Exercise aim → From the line holding "Casa em condomínio" through the line holding "a man in a tuxedo" below, write out every line exactly; include both of those lines and drop the pictures.

Recorded data →
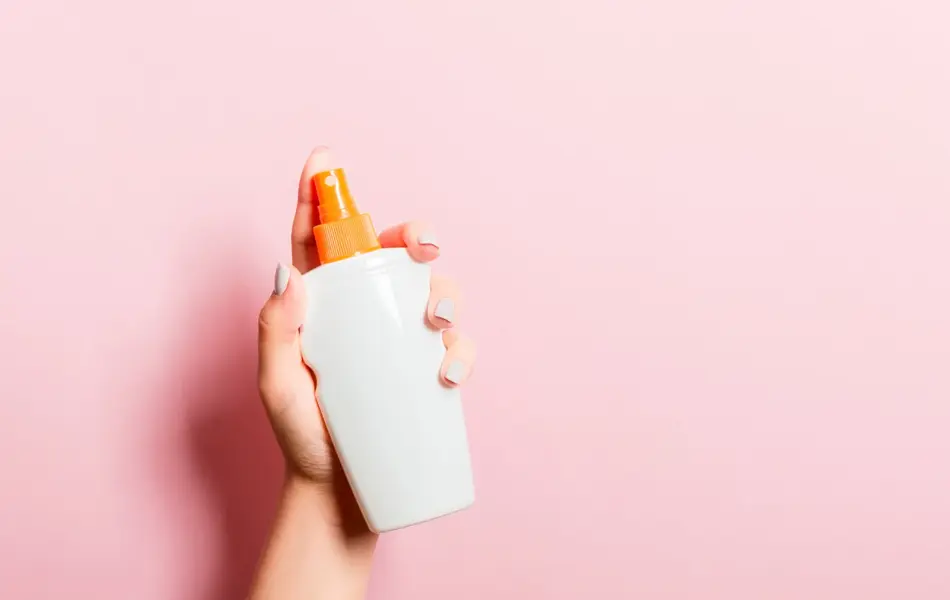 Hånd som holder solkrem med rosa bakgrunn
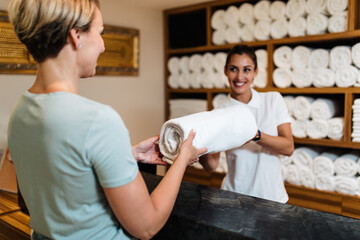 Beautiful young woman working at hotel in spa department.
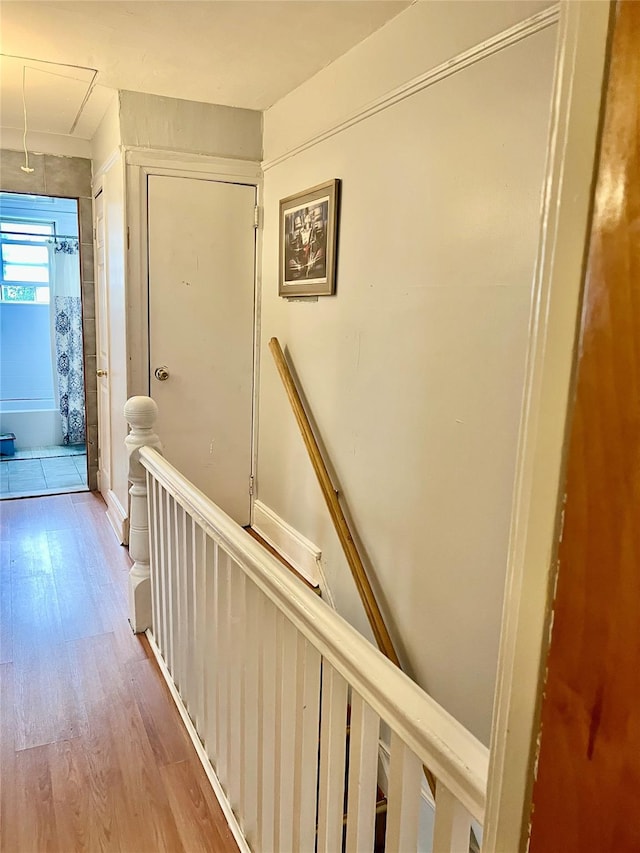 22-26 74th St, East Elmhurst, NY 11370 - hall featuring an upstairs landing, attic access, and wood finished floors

---

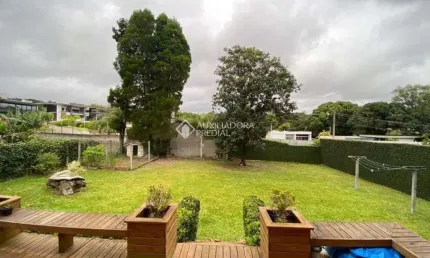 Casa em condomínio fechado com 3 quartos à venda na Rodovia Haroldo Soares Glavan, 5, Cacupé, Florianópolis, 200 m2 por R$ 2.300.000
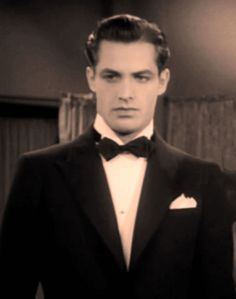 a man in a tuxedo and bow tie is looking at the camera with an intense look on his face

Output below →
 Casa em condomínio fechado com 3 quartos à venda na Rodovia Haroldo Soares Glavan, 5, Cacupé, Florianópolis, 200 m2 por R$ 2.300.000
 a man in a tuxedo and bow tie is looking at the camera with an intense look on his face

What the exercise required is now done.